(Brief descriptive captions)

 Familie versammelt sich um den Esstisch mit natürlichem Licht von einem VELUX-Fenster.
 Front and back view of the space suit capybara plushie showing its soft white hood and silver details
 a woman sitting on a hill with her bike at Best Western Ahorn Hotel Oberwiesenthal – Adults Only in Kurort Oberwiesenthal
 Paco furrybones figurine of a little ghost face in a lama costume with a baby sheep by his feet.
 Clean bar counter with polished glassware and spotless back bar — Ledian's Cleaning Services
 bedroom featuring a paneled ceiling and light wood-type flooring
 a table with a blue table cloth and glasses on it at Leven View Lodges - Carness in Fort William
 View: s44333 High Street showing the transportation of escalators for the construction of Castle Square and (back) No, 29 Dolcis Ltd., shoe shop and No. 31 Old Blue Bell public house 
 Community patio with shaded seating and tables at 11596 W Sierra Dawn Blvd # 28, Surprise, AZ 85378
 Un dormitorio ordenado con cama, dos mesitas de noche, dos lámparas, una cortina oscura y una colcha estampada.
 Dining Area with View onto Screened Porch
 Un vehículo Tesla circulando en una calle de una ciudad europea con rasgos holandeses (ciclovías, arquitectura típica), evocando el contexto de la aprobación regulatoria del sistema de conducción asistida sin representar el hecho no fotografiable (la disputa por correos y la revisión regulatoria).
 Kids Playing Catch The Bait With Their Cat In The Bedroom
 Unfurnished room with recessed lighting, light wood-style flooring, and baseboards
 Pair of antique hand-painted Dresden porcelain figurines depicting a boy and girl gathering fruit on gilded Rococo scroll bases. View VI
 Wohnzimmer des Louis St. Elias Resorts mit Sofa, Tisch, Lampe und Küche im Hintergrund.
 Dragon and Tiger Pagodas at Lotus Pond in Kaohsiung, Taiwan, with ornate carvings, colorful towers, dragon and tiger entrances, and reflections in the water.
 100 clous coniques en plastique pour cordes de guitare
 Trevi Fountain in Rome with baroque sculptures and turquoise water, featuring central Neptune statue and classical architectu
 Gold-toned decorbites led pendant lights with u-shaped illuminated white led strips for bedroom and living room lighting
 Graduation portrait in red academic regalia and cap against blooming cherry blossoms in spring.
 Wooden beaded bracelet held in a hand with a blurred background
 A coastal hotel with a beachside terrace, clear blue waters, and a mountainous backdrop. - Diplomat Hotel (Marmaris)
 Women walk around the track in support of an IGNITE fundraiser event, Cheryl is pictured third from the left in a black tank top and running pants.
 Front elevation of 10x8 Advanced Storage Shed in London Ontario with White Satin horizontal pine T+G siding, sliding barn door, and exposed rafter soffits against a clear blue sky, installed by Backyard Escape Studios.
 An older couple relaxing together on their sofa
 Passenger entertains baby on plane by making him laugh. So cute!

- [Task item]: Reproduce exactly what appears from the line containing "Wooden beaded bracelet" down to the final line of the data.

- [Task answer]:
 Wooden beaded bracelet held in a hand with a blurred background
 A coastal hotel with a beachside terrace, clear blue waters, and a mountainous backdrop. - Diplomat Hotel (Marmaris)
 Women walk around the track in support of an IGNITE fundraiser event, Cheryl is pictured third from the left in a black tank top and running pants.
 Front elevation of 10x8 Advanced Storage Shed in London Ontario with White Satin horizontal pine T+G siding, sliding barn door, and exposed rafter soffits against a clear blue sky, installed by Backyard Escape Studios.
 An older couple relaxing together on their sofa
 Passenger entertains baby on plane by making him laugh. So cute!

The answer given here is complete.